Pourtant, ailleurs dans le monde, dans les contrées moralement plus civilisées ou plus évoluées, en termes d’éthique, des personnalités politiques se seraient volontairement retirés du débat public ou auraient démissionné de gré pour moindres reproches de l’opinion publique à leur encontre. La censure et la réprobation collectives dans ces grandes démocraties sont d’un niveau très élevé. Sous ces cieux, aucun intellectuel ne prendrait le risque de justifier les manquements et les errements d’ordre moral de personnalités politiques.

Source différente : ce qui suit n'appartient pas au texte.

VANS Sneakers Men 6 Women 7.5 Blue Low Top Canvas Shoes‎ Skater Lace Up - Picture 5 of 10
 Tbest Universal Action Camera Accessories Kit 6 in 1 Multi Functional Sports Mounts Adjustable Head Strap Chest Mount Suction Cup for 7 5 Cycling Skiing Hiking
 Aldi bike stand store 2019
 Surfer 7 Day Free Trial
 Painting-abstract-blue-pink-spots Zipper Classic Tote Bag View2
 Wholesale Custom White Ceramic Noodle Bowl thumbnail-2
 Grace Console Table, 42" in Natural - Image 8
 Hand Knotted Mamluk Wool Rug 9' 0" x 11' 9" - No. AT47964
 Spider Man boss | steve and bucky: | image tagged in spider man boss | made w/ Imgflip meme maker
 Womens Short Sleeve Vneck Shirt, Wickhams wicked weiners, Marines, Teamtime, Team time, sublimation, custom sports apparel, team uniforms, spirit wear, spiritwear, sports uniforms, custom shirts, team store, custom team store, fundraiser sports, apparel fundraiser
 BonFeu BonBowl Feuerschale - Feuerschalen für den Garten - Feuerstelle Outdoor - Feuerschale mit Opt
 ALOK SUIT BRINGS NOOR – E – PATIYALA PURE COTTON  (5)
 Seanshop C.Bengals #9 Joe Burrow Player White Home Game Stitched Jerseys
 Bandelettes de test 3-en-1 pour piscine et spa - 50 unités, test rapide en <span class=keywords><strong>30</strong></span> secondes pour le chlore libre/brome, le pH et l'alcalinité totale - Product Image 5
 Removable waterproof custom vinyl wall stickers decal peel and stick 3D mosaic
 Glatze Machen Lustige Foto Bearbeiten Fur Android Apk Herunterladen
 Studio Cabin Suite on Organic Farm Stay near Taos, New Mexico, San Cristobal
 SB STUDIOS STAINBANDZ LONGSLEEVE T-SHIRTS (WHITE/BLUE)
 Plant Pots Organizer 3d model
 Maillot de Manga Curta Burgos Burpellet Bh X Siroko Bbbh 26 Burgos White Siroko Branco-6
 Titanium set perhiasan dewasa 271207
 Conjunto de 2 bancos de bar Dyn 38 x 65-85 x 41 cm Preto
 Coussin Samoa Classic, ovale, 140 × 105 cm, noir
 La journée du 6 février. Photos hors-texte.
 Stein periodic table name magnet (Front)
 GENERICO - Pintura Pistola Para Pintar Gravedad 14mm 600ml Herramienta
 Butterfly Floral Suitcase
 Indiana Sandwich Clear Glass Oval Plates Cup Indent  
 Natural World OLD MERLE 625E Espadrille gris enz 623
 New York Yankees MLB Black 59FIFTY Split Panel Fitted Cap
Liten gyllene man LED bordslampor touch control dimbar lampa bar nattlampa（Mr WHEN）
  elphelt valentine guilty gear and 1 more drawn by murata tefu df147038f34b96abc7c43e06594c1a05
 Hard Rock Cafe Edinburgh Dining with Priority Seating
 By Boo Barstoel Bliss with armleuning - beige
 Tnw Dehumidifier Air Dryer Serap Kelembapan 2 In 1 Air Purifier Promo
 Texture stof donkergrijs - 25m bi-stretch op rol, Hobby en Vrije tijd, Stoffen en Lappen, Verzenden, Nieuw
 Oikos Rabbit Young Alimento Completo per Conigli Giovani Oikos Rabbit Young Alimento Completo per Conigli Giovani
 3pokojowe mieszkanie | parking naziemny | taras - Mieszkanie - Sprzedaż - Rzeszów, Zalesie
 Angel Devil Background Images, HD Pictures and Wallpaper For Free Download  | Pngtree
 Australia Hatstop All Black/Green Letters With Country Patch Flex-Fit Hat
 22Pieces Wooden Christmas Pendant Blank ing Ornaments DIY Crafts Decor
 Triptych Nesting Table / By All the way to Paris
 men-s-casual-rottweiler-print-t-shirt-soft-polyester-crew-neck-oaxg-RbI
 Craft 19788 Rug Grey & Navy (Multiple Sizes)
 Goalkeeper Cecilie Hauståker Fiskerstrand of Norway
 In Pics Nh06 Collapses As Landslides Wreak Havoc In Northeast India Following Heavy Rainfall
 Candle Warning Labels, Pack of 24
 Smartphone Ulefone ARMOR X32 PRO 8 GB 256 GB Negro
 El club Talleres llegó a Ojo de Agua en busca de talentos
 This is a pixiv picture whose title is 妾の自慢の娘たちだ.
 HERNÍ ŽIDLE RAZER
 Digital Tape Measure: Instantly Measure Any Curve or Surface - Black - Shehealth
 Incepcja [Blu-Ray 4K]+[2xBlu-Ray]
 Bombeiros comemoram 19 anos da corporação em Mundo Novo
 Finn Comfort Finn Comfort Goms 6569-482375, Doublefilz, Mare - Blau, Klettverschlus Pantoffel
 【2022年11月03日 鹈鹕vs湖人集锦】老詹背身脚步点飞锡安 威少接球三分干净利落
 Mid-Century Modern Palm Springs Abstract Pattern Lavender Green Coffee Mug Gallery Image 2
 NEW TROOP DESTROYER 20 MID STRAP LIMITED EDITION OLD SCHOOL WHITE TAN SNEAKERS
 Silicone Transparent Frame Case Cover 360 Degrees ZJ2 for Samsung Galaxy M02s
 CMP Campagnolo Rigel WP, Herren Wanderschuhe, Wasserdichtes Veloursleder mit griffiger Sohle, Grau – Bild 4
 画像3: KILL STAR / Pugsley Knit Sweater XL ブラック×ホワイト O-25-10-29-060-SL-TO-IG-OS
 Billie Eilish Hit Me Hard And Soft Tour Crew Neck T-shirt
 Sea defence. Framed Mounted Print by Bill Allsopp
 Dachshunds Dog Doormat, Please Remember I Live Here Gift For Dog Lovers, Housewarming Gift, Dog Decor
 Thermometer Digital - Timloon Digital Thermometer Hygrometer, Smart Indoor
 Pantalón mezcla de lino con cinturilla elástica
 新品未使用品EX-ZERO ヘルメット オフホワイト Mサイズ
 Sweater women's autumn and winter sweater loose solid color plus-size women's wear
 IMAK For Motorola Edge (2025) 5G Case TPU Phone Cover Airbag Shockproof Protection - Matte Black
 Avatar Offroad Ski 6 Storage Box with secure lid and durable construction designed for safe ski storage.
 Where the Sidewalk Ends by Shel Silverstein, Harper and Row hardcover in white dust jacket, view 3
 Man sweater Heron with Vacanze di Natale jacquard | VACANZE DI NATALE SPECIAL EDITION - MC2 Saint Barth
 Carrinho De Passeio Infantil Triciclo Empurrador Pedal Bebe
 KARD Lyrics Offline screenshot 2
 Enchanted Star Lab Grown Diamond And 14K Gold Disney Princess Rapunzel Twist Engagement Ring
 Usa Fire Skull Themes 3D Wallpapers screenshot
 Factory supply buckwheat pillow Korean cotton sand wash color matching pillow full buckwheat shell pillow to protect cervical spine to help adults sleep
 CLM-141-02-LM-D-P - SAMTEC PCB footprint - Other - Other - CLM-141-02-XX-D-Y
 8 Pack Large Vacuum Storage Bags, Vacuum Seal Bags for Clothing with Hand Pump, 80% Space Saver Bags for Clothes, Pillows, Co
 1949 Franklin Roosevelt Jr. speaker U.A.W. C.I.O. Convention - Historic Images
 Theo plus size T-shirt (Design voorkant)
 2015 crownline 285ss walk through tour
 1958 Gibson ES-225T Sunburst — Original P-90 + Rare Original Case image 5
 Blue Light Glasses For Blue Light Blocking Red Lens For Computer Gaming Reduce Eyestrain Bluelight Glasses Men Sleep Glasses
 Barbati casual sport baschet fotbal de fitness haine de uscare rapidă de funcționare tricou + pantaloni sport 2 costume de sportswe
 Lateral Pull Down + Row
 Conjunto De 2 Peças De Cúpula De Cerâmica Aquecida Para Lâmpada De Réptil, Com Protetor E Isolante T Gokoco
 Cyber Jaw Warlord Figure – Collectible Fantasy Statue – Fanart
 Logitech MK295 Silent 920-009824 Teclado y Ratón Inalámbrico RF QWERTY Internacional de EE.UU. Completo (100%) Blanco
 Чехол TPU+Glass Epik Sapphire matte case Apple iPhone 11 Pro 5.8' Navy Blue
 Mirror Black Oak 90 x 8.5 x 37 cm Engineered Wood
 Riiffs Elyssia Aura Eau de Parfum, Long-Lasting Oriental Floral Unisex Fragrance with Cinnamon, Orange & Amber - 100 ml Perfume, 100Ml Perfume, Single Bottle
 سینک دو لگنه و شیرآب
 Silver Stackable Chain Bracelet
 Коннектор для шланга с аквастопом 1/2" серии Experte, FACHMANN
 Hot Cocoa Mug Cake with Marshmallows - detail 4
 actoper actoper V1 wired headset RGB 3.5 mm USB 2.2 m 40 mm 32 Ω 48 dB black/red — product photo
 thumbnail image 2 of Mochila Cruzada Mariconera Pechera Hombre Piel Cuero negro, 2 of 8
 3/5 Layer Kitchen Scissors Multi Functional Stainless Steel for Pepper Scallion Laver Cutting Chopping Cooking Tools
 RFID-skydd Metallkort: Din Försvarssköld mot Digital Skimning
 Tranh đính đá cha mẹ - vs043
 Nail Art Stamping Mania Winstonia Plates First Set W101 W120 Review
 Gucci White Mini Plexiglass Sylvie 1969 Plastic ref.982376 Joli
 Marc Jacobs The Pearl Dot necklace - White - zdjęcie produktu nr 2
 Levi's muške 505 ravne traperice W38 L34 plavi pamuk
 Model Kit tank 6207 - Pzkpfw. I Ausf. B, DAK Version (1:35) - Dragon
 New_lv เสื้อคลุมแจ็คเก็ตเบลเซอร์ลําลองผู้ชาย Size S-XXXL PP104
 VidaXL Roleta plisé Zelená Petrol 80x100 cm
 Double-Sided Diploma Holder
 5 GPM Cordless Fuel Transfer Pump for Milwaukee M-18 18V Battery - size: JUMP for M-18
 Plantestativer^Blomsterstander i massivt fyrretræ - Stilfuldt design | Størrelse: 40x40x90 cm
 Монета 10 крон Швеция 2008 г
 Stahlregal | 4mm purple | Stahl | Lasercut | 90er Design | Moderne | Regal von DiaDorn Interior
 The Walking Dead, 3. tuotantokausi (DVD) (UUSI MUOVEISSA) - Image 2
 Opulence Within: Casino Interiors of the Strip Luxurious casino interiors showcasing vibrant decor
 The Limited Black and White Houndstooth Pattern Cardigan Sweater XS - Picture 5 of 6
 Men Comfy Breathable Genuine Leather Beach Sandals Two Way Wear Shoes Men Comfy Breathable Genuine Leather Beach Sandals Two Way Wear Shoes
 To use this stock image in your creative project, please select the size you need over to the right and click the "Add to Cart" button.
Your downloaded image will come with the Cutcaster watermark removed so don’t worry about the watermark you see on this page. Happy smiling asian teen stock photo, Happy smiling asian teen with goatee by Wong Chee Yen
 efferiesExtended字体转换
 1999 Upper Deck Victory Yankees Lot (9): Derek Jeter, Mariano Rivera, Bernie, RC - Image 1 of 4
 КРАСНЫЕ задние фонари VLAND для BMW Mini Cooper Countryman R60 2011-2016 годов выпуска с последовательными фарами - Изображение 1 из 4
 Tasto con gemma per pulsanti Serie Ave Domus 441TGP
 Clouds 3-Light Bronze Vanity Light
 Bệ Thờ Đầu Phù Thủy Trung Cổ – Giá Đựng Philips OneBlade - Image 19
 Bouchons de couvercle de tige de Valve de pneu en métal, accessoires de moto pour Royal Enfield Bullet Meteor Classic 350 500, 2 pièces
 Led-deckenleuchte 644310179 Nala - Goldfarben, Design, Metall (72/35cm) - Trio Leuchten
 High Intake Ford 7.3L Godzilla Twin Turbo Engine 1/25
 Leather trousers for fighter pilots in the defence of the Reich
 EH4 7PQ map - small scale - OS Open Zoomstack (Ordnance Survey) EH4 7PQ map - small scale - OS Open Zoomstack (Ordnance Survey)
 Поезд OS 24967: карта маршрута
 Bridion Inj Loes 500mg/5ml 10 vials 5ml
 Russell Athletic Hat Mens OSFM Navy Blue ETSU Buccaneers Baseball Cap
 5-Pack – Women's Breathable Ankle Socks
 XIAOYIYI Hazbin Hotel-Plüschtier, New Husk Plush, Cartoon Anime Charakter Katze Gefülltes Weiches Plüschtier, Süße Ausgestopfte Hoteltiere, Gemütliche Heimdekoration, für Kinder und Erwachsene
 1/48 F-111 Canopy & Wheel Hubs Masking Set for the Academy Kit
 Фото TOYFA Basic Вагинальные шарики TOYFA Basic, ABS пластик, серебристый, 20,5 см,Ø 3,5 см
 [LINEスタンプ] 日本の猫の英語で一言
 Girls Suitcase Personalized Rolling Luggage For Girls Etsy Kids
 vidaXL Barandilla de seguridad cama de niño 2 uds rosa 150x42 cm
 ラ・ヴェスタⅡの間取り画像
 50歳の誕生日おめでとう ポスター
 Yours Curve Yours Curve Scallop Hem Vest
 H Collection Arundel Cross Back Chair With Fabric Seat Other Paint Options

Ainsi pour dire, qu’au Sénégal, la crédibilité de certains intellectuels qui se prononcent sur le débat public se serait renforcée si ces derniers affichaient le même niveau de censure et de réprobation à l’encontre de tous les bords politiques. Sous ce rapport, Ils auraient pu échapper à la critique formulée par certains sénégalais à leur encontre, selon laquelle, ils ne condamnent jamais de manière tranchée les exactions commises, lors des émeutes, par les sympathisants d’une certaine opposition, mais plutôt qu’ils seraient prompts à prendre à partie sévèrement le gouvernement à la moindre occasion. Ce semblant de manque d’équilibre dans leurs prises de position pourrait valider une certaine opinion publique qui croit, à tort ou à raison, que certains intellectuels sénégalais dans le débat public seraient dans une logique d’investissement en vue de subsides politiques ultérieures.

Le Sénégal est incontestablement une grande démocratie et un Etat de droit. Cette réalité ne peut nullement être niée. Notre pays n’a rien d’une dictature. En effet, la liberté d’expression et de manifestation pacifique au Sénégal n’est pas un rêve mais plutôt une réalité. Les sénégalais ont libre accès à l’information plurielle grâce à une presse diversifiée et à l’internet. Le système judiciaire sénégalais est indépendant et aucune personne n’est détenue dans ce pays sans un titre judiciaire dûment pris par un magistrat dans le cadre de poursuites d’auteurs ou de complices d’infractions. Enfin, des élections libres et transparentes sont régulièrement organisées dans les délais légaux afin de permettre aux citoyens sénégalais de faire valoir leur droit de choisir leurs représentants au niveau des différentes institutions et fonctions électives.

Dans un tel pays, les intellectuels devraient certes fustiger naturellement les actions gouvernementales constitutives de dérives ou d’atteinte à la démocratie mais aussi inversement, pour être honnêtes, montrer un ferme rejet de la violence et de la terreur impulsées par l’opposition radicalisée. Ils leur incombent alors d’être dans leur rôle naturel de critique équilibrée pour l’éveil de la conscience citoyenne sans laquelle les sénégalais ne pourraient participer adéquatement à la consolidation de la démocratie et de l’Etat de droit dans leur pays. Il n’est pas attendu des intellectuels sénégalais de ne pas appartenir à des bannières politiques ou de ne pas avoir des préférences de cet ordre, mais c’est à juste raison que les sénégalais exigent de leur part un effort d’honnêteté et de probité dans leurs prises de position publiques, surtout dans le débat politique en cours.